**Exercise data:**
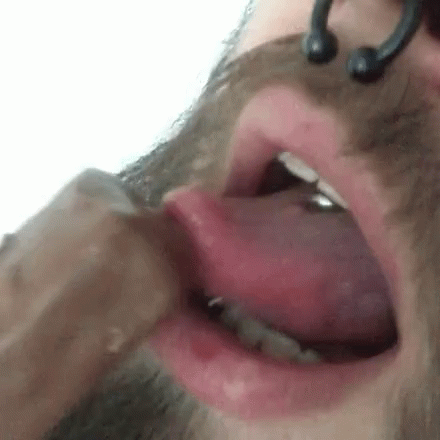 snickers-licking.gif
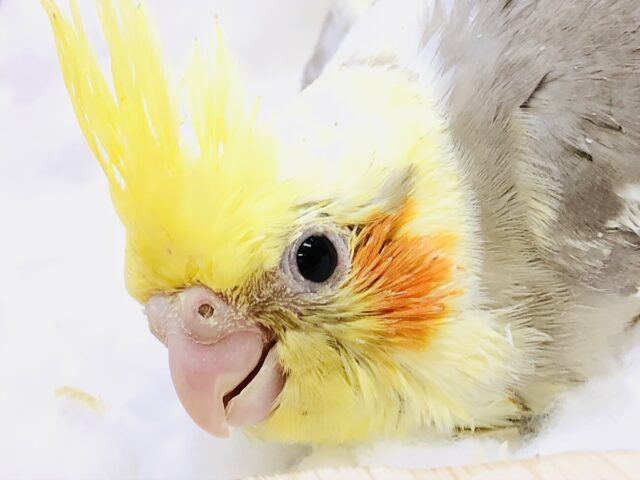 オカメインコ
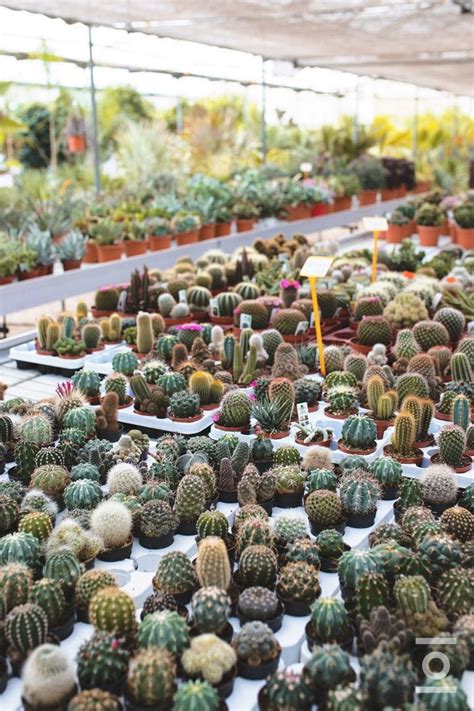 Colecci N De Cactus Vivero De Plantas Vivero De Cactus Cultivo De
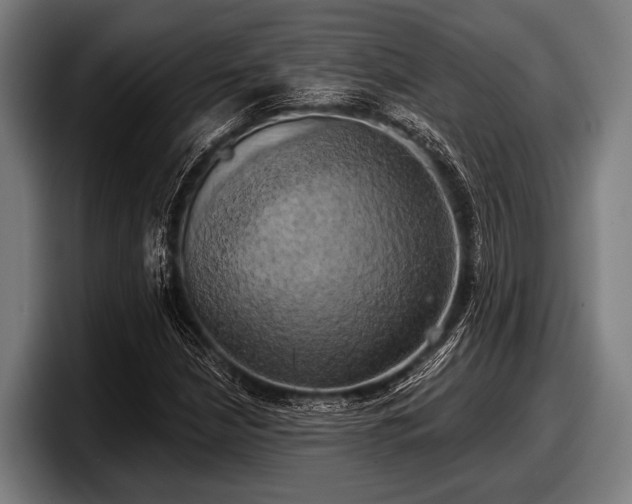 X0000097811210200803201411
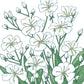 Baby's Breath (1/4 lb) Peaceful Valley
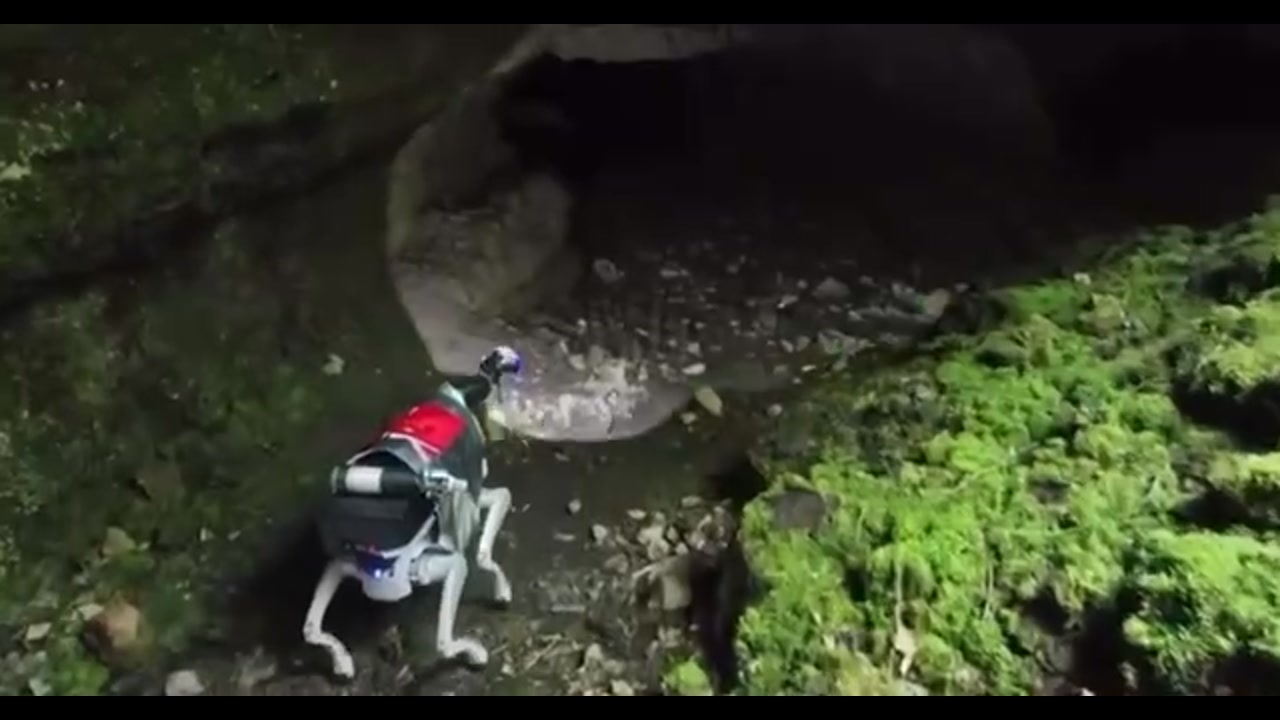 [Video] China trains robotic dogs for lunar missions in cave tests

**What is required:** Return the data exactly as it stands, minus the pictures.

**Answer to this task:**
 snickers-licking.gif
 オカメインコ
 Colecci N De Cactus Vivero De Plantas Vivero De Cactus Cultivo De
 X0000097811210200803201411
 Baby's Breath (1/4 lb) Peaceful Valley
 [Video] China trains robotic dogs for lunar missions in cave tests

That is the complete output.